— Material for this task —
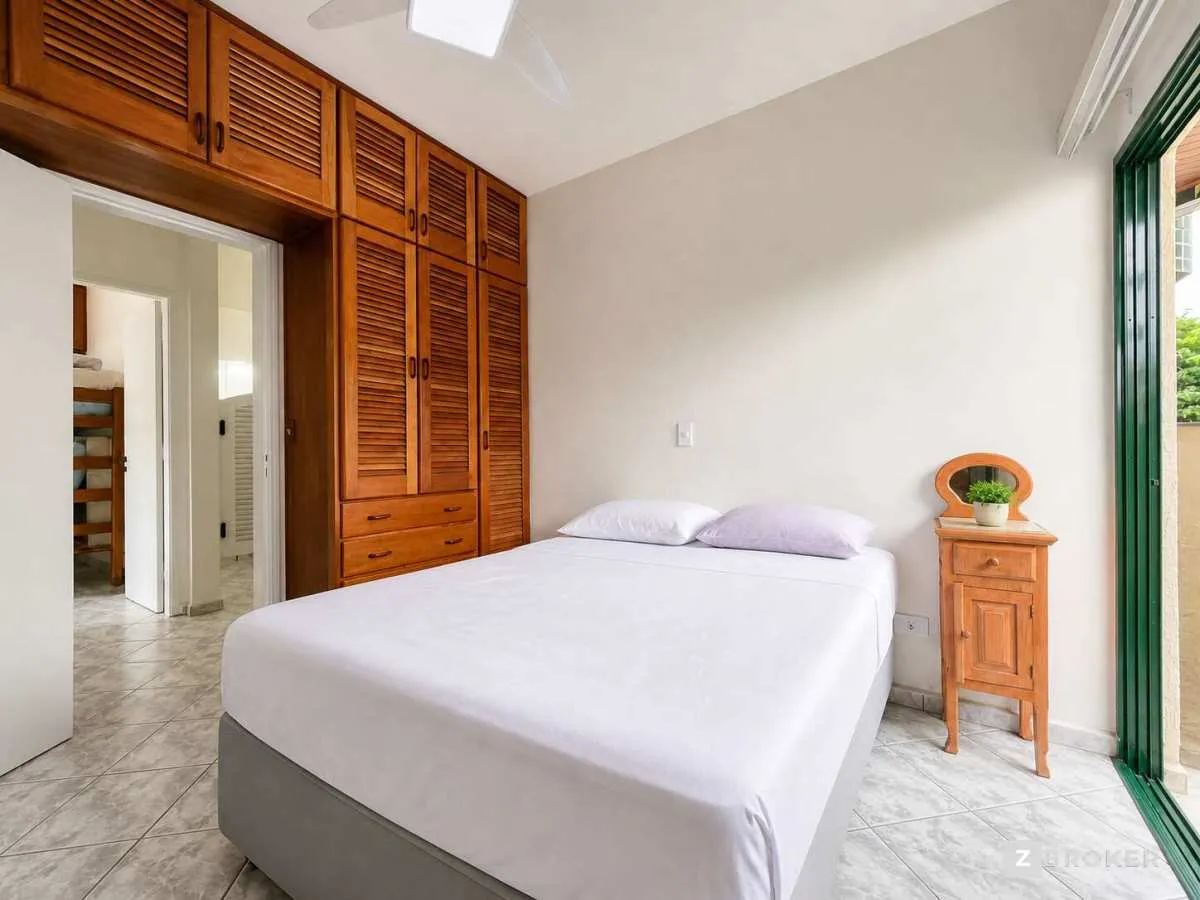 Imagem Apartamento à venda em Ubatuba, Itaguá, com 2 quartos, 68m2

---

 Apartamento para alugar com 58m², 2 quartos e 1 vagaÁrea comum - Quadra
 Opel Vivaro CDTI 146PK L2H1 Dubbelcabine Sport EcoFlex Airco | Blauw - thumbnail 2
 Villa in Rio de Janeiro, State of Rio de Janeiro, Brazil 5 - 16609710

— To do —
All that is needed is the exact run of lines above from the line containing "Apartamento para alugar" through the line containing "Villa in Rio", both of them included.

— Your solution —
 Apartamento para alugar com 58m², 2 quartos e 1 vagaÁrea comum - Quadra
 Opel Vivaro CDTI 146PK L2H1 Dubbelcabine Sport EcoFlex Airco | Blauw - thumbnail 2
 Villa in Rio de Janeiro, State of Rio de Janeiro, Brazil 5 - 16609710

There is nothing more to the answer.